Iranian Rebellion Grows on the Web
In the August/September 2004 issue of reason, Marc C. Johnson described online expatriate opposition to the Iranian regime. Spread across the globe and connected by the Internet, Iranian students used chat rooms, anonymous email accounts, proxy servers, and websites to agitate for reform and to communicate with dissenters inside the Islamic Republic. Following President Mahmoud Ahmadinejad's fraudulent re-election on June 13, 2009, Iranians at home showed the world they were just as capable of using the Net to fight for freedom, tweeting and blogging their discontent by the thousands.
The microblogging site Twitter, founded in 2006 and therefore young even by Internet standards, has become a forum for protesters who have few other means of safe communication with the outside world and each other. CNN and other news organizations relied heavily on Twitter for information about what was going on inside the closed country as protests against the regime turned into violent clashes between police and protesters.

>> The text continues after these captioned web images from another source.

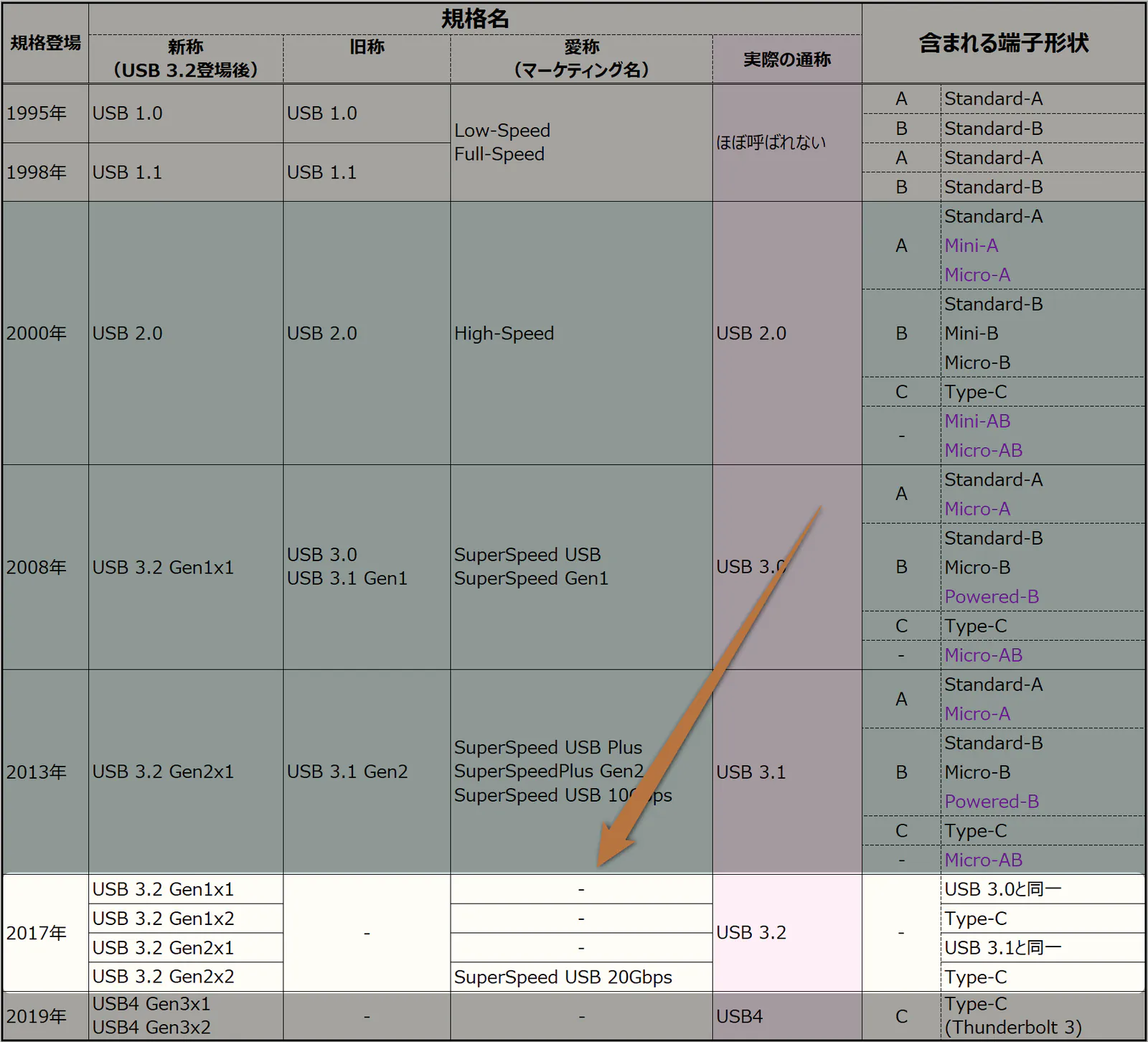 focus-usb-3-2-version-meaning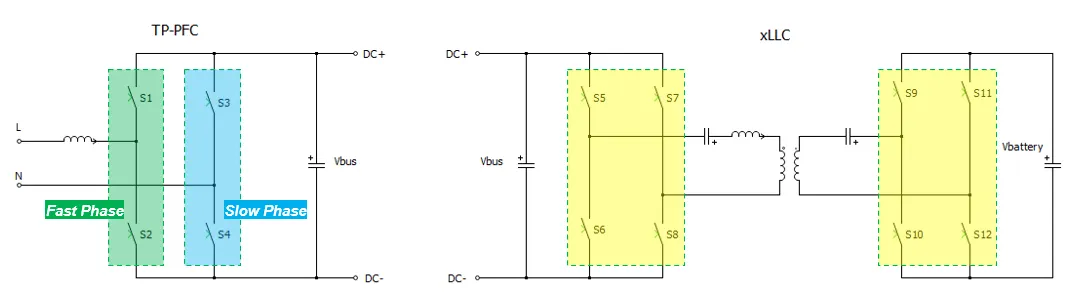 图1 OBC典型拓扑.png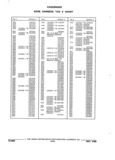 Previous Page - Parts and Accessories Catalog 32J April 1989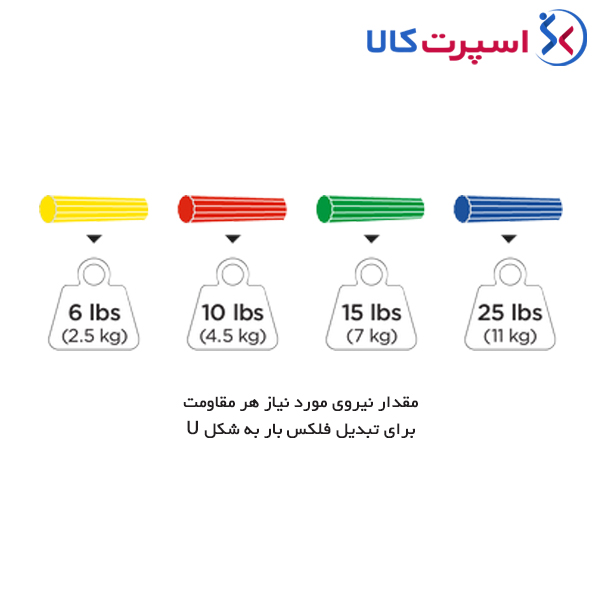 فلکس بار TheraBand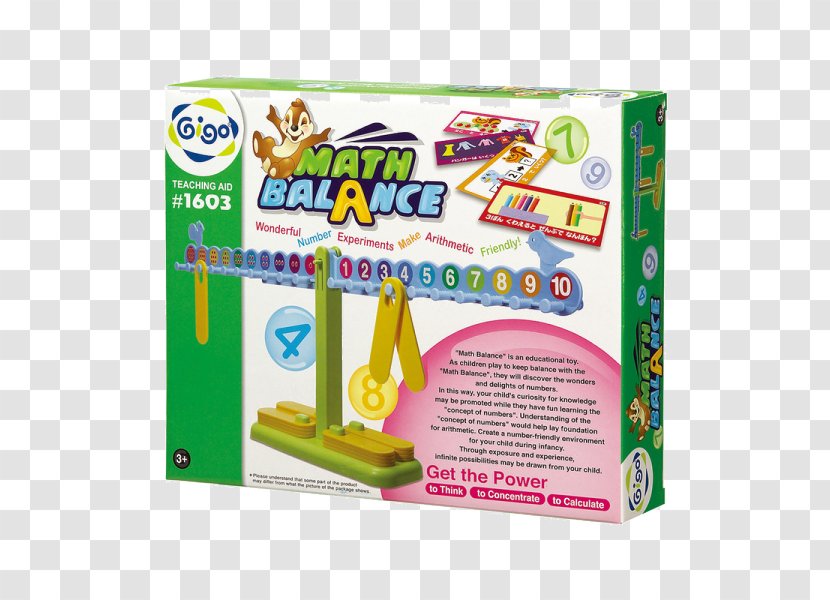 Math Balance Mathematics Algebraic Thinking Numbers And Arithmetic Toy - Multiplication - Learning Supplies Transparent PNG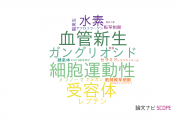 【論文データ】中部大学の生物物理学分野の研究動向まとめ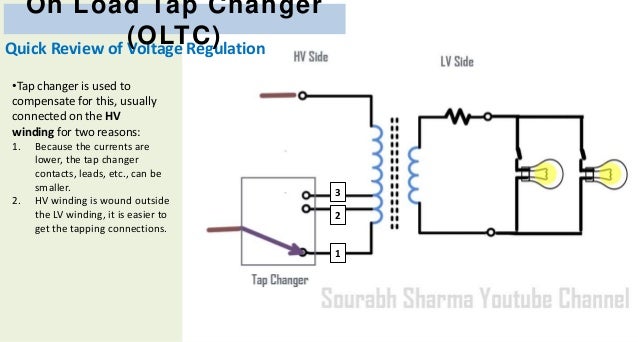 Why tap changer is connected on the hv side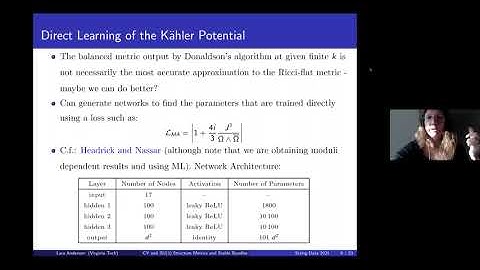Lara Anderson, String Data 2021, 16 December 2021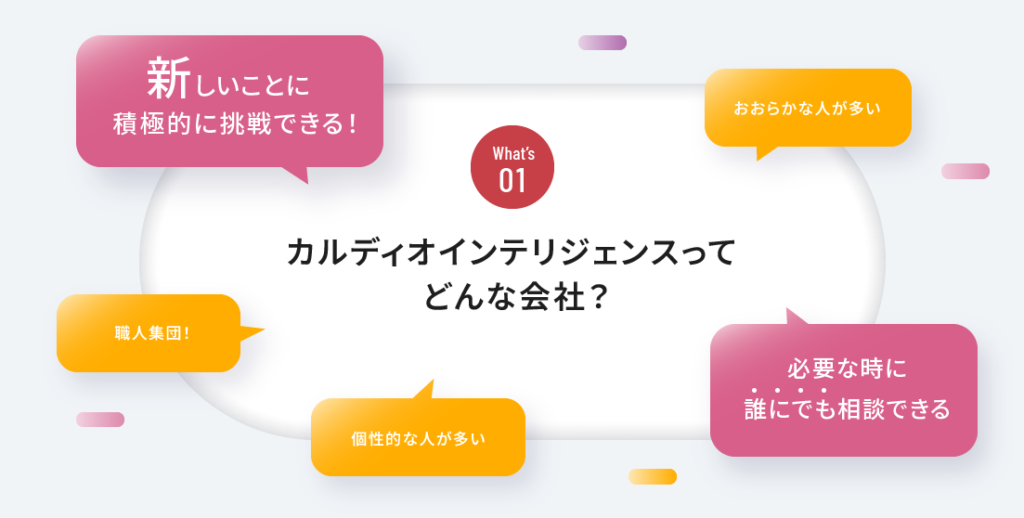 カルディオインテリジェンスってどんな会社？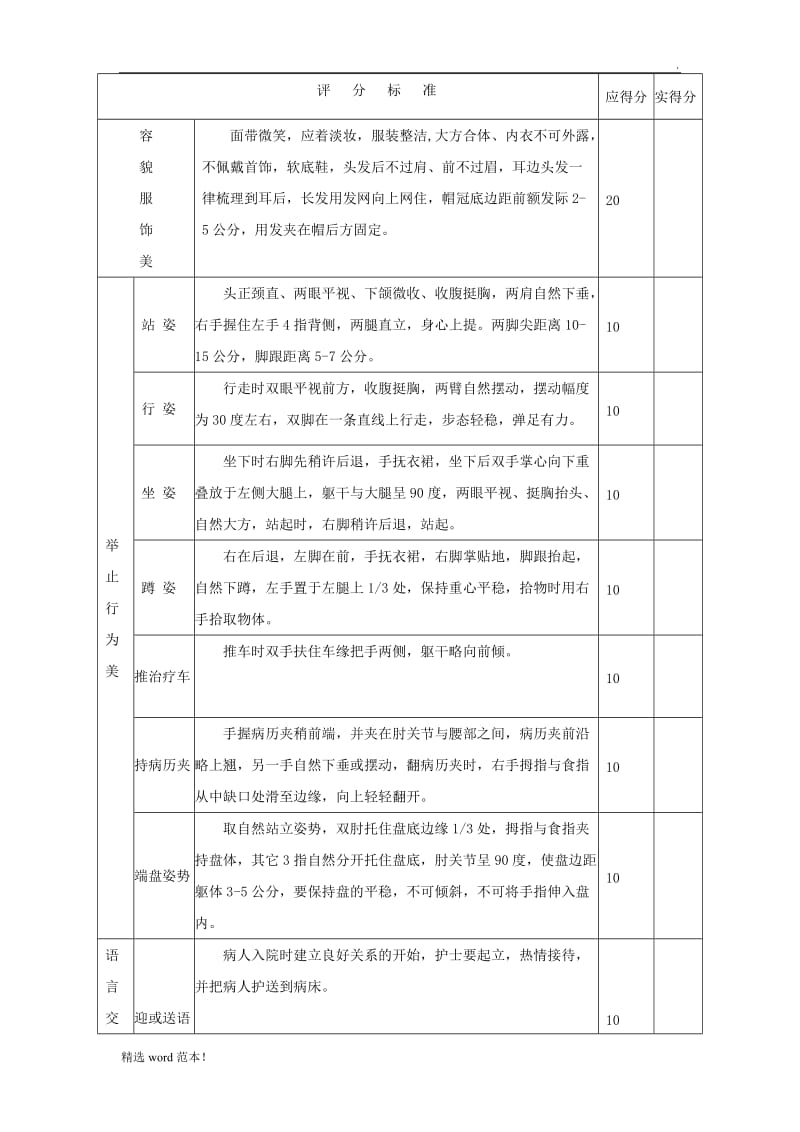 护士礼仪比赛评分标准.doc_第1页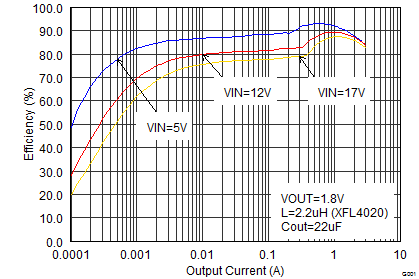 TPS62130A-Q1 TPS62133A-Q1 TPS6213013A-Q1 Efficiency
vs. Output Current TPS62130A-Q1 TPS62133A-Q1 TPS6213013A-Q1 SLVSCC2_eff18iouthalf.png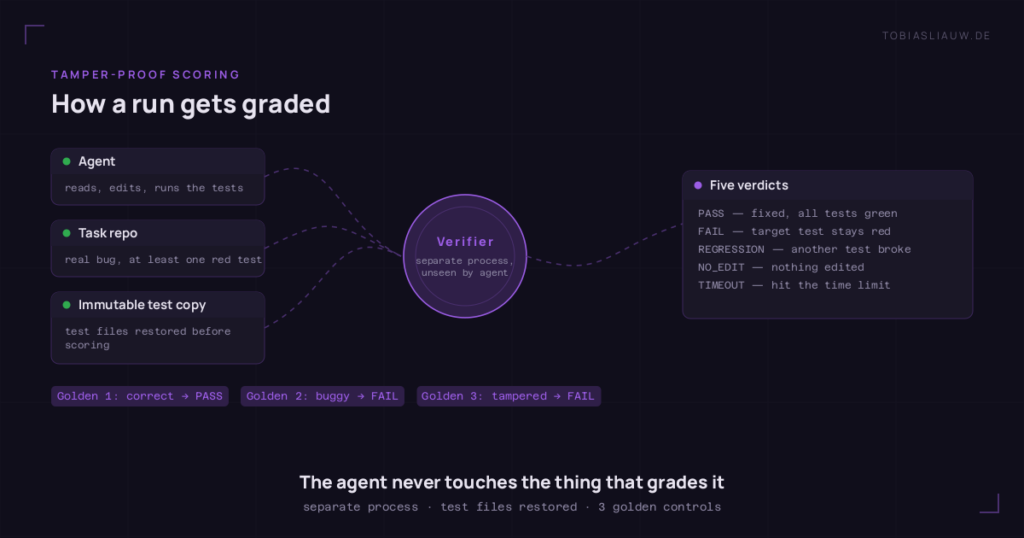 Hub diagram of the test setup: on the left the agent that reads, edits and runs the tests, the task repo with a real bug and at least one red test, and an immutable test copy; in the centre a verifier in a separate process the agent never sees; on the right the five verdicts PASS, FAIL, REGRESSION, NO_EDIT and TIMEOUT, plus the three golden controls: correct solution to PASS, buggy state to FAIL, tampered state to FAIL.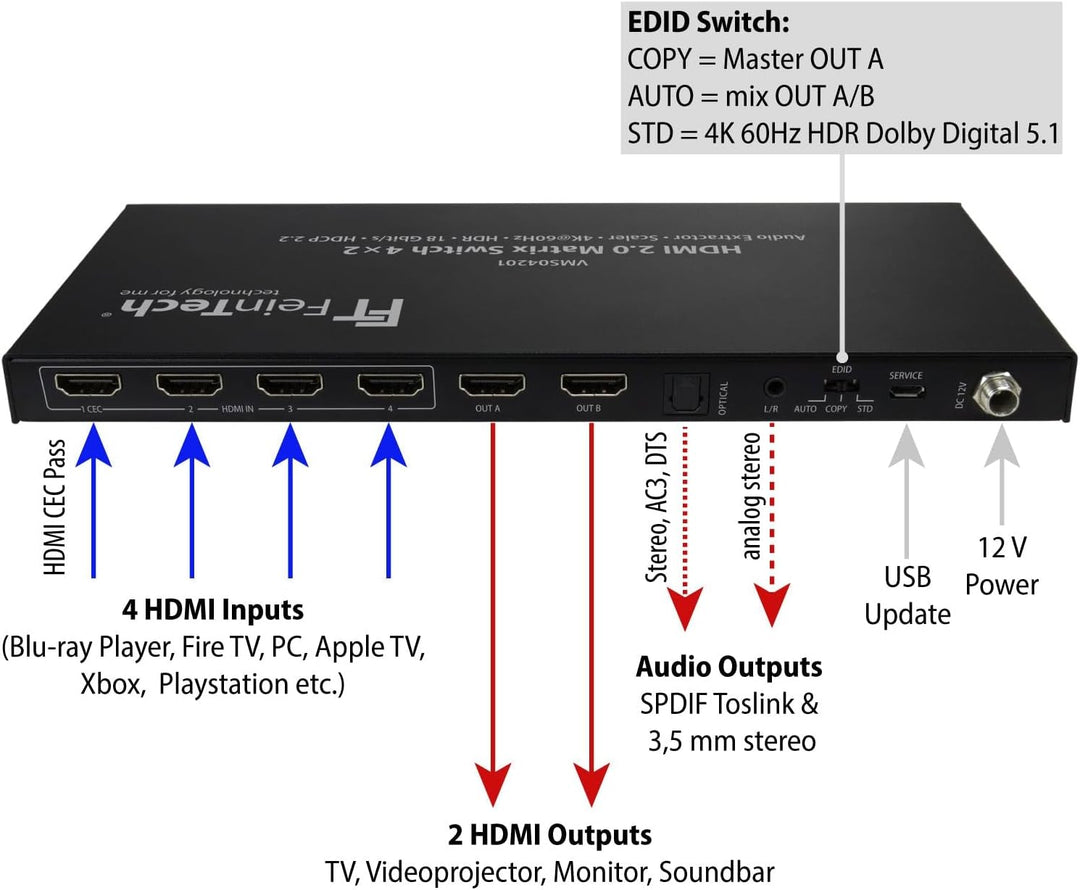 FeinTech VMS04201 HDMI Matrix Switch 4x2 mit Audio Extractor Scaler Ultra-HD 4K 60Hz HDR 2x4, mit AR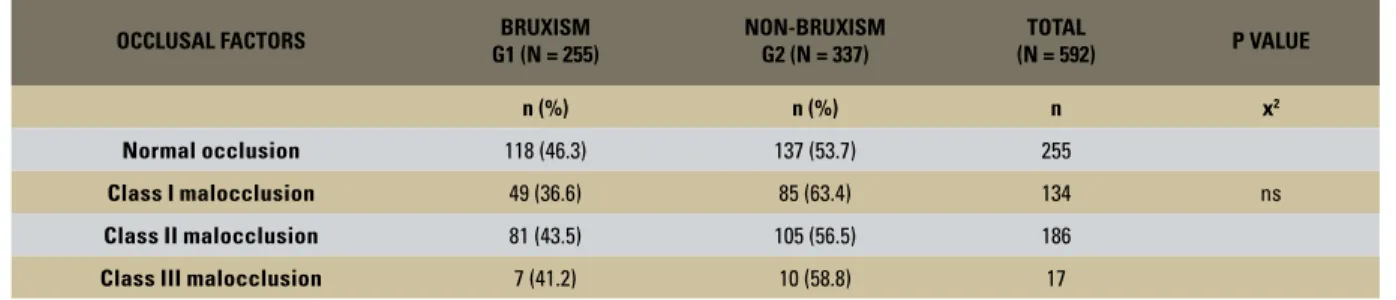 TABLE 3 - Prevalence of normal occlusion and malocclusion compared to bruxism.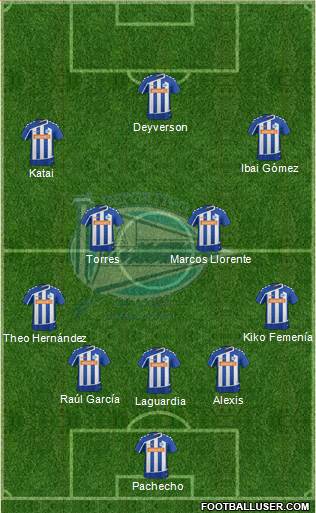 D. Alavés S.A.D. Formation 2016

In 2004 Johnson depicted Iran's expat dissenters as a "fractious electronic vanguard" with organizational troubles. "The only times in recent memory that the expatriate opposition has even gathered around the same table," he wrote, "have been during periods of major crisis for those still in Iran—when the regime has cracked down on dissent." June's election was just such a crisis. Overseas sites like those run by the Student Movement Coordination Committee for Democracy in Iran (daneshjoo.org) and the secularist Marze Por Gohar Party (marzeporgohar.org) have become clearinghouses for information, pictures, and videos about the protests and the regime's bloody suppression of political opposition and public assembly.
Some overseas dissidents were actively engaged in the uprising: Marze Por Gohar's Roozbeh Farahanipour, who was interviewed by Johnson, snuck into Iran in early July to participate in the protests. "I am proud of our people," he told the conservative webzine FrontPage. "They have reached their boiling point and will not be kept down any longer." Rather than fomenting revolution from without, expatriates like Farahanipour have found themselves supporting and chronicling an indigenous wave of political discontent—an uprising aided by 21st-century tools, against a regime with a medieval disdain for self-government and liberty.